After all relevant assessments, the Company concludes whether the warrants are classified as liability or equity. Liability classified warrants require fair value accounting at issuance and subsequent to initial issuance with all changes in fair value after the issuance date recorded in the statements of operations and comprehensive loss. Equity classified warrants only require fair value accounting at issuance with no changes recognized subsequent to the issuance date.
The Company determined the warrants are freestanding instruments which do not meet the characteristics of a liability and therefore are classified as equity.
3.14 Provisions
Provisions are recognized when the Company has a present obligation (legal or constructive) that has arisen as a result of a past event and it is probable that a future outflow of resources will be required to settle the obligation, provided that a reliable estimate can be made of the amount of the obligation. Provisions are measured at the present value of the expenditures expected to be required to settle the obligation using a pre-tax rate that reflects current market assessments of the time value of money and the risk specific to the obligation. The increase in the provision due to passage of time is recognized as interest expense.
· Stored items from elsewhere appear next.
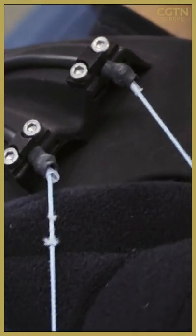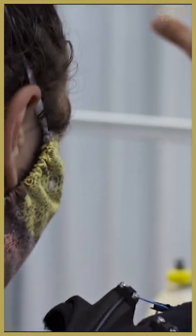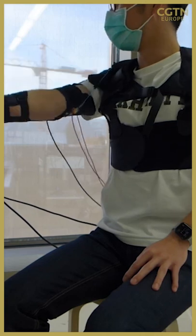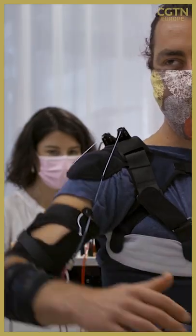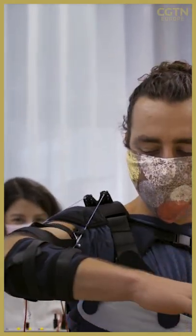An electric motor drives what we call an artificial tendon. This basically behaves like biological tendons because it is pulled by an electric motor and provides assistive force in parallel to the biological muscles.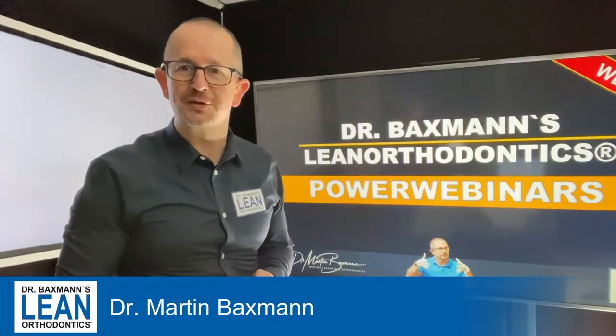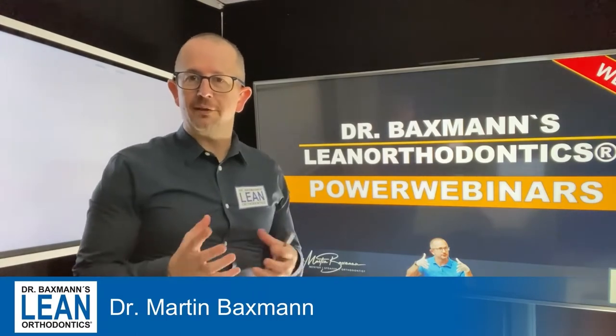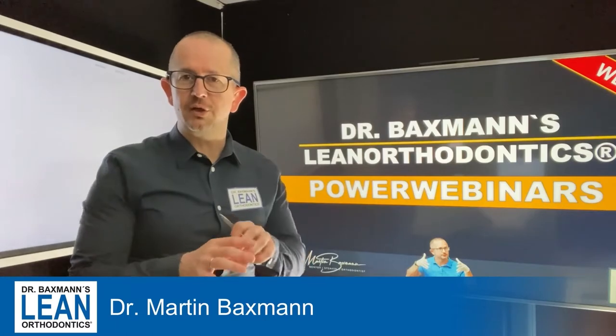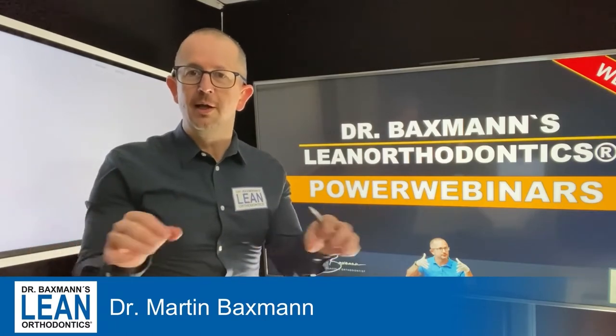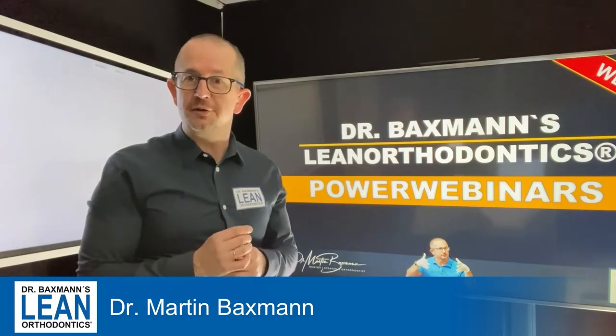Welcome to my Power Webinar Series. My name is Dr. Martin Beckspan. You may think in lean orthodontics we do everything with straight wire and we always use the power chain for space closure. No!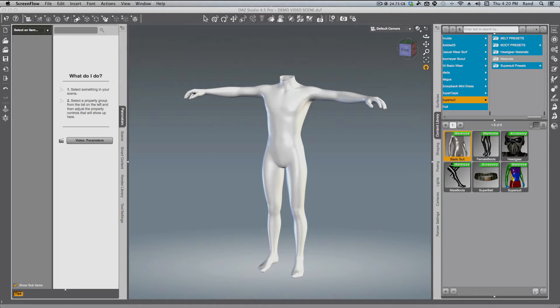Hello, this is Randall Lloyd. Welcome to another in my series of SuperSuit tips and tricks. Today we'll be using the basic bodysuit that comes in the SuperSuit bundles, and this will be an advanced workflow. You'll need to have the content creation tools that are available as part of the Daz Studio Pro bundle, or you can buy them separately and add them to some of the other versions of Studio.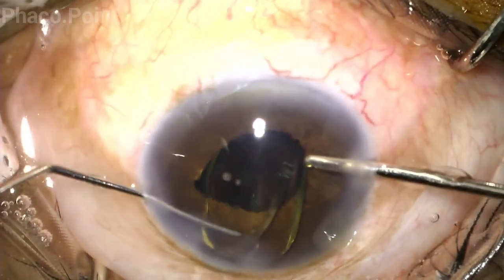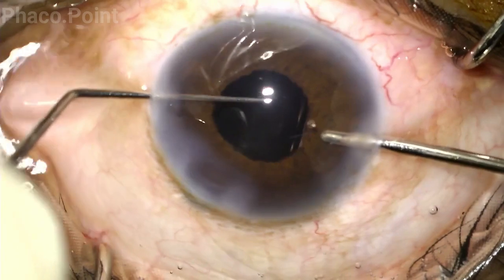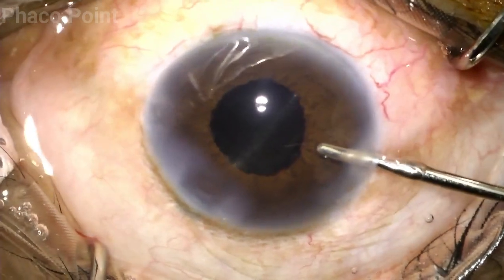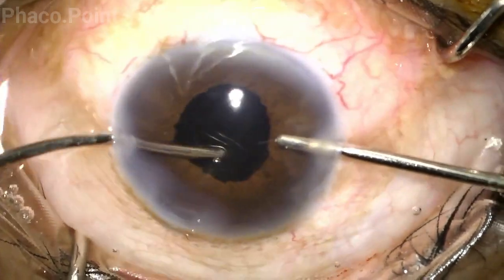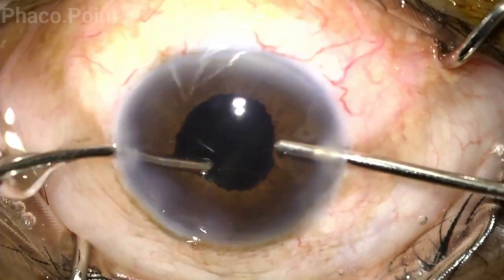The only challenge with inserting the foldable IOL is that because of the limited visibility you may need to confirm that the entire IOL is truly within the capsular bag. Since this was a hydro implantation of the IOL, there is hardly any necessity for a viscoelastic wash.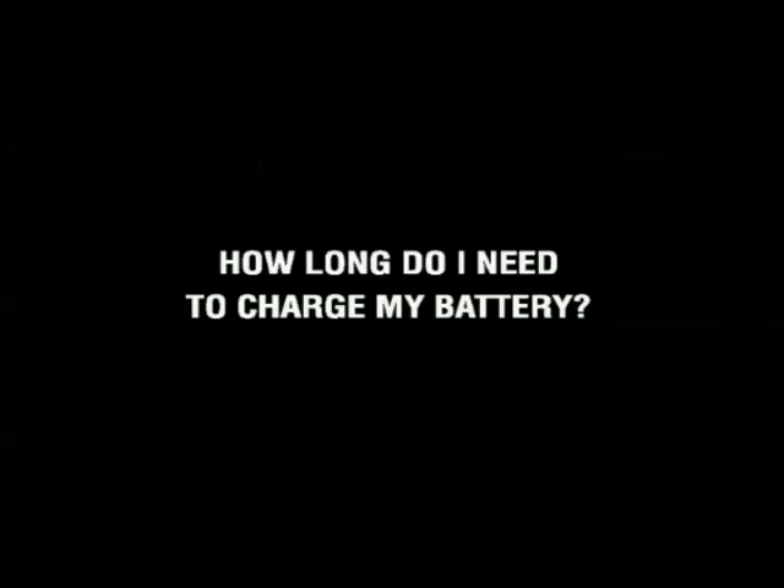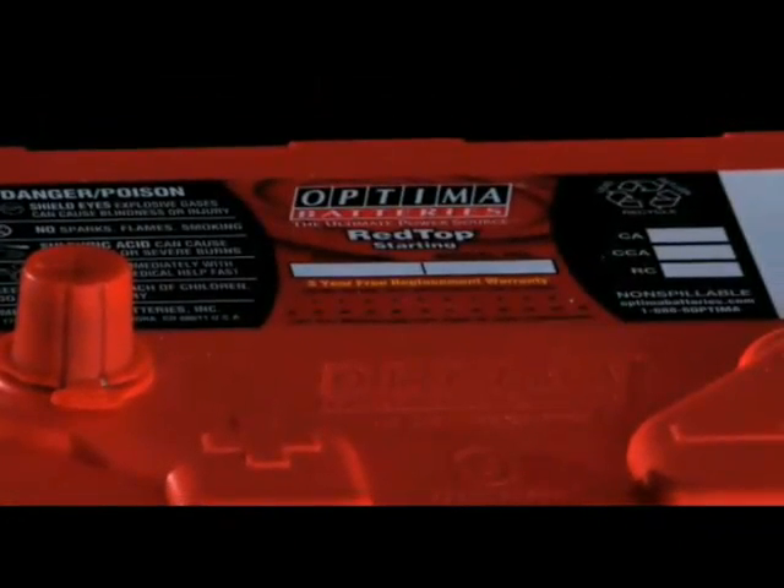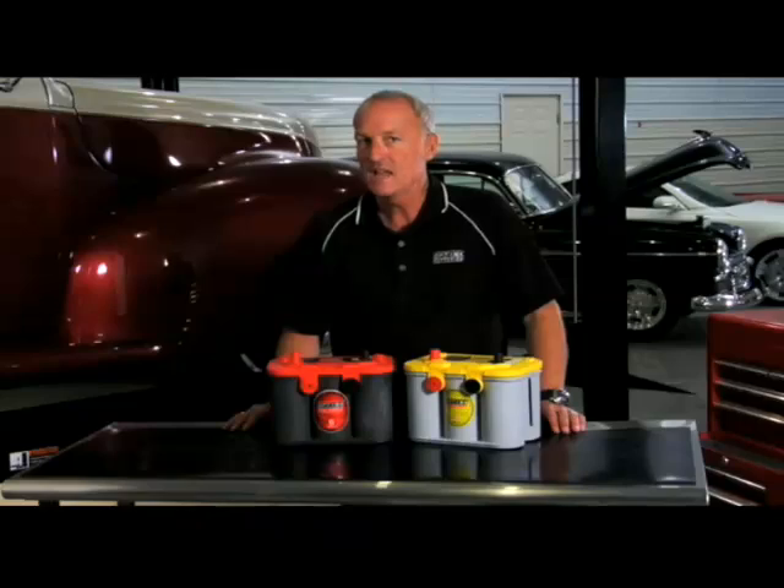How long do I need to charge my battery? First, make sure you know the rated capacity of the battery. For example, the Redtop 34 is a 50 amp hour battery. Think of the 50 amp hour rating as the size of your energy fuel tank for storing electrical power.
3.15 Financial instruments
Recognition and initial measurement
Financial assets and financial liabilities, including derivatives, are recognized when the Company becomes a party to the contractual provisions of a financial instrument or non-financial derivative contract. All financial instruments are measured at fair value on initial recognition. Transaction costs that are directly attributable to the acquisition or issuance of financial assets and financial liabilities, other than financial assets and financial liabilities classified as FVTPL (as defined below), are added to or deducted from the fair value on initial recognition. Transaction costs directly attributable to the acquisition of financial assets or financial liabilities classified as FVTPL are recognized immediately in the interim statements of operations and comprehensive loss.
Classification and subsequent measurement
The Company classifies financial assets, at the time of initial recognition, according to the Company’s business model for managing the financial assets and the contractual terms of the cash flows. Financial assets are classified in the following measurement categories:
14
Ayr Wellness Inc. (formerly Ayr Strategies Inc.)
Notes to the Unaudited Interim Financial Statements
For the Three and Six Months Ended June 30, 2021 and 2020
3. SUMMARY OF SIGNIFICANT ACCOUNTING POLICIES (Continued)
3.16 Financial instruments (continued)
a) amortized cost (“AC”);
b) fair value through profit or loss (“FVTPL”); and
c) fair value through other comprehensive income (“FVTOCI”).
Financial assets are subsequently measured at amortized cost if both the following conditions are met and they are not designated as FVTPL: a) the financial asset is held within a business model whose objective is to hold financial assets to collect contractual cash flows; and b) the contractual terms of the financial asset give rise on specified dates to cash flows that are solely payments of principal and interest on the principal amount outstanding.
These assets are subsequently measured at amortized cost using the effective interest rate method, less any impairment, with gains and losses recognized in the interim statements of operations and comprehensive loss in the period that the asset is derecognized or impaired. All financial assets not classified as amortized cost as described above are measured at FVTPL or FVTOCI depending on the business model and cash flow characteristics. The Company has no financial assets measured at FVTOCI.
Financial liabilities are subsequently measured at amortized cost using the effective interest rate method with gains and losses recognized in the interim statements of operations and comprehensive loss in the period that the liability is derecognized, except for financial liabilities classified as FVTPL.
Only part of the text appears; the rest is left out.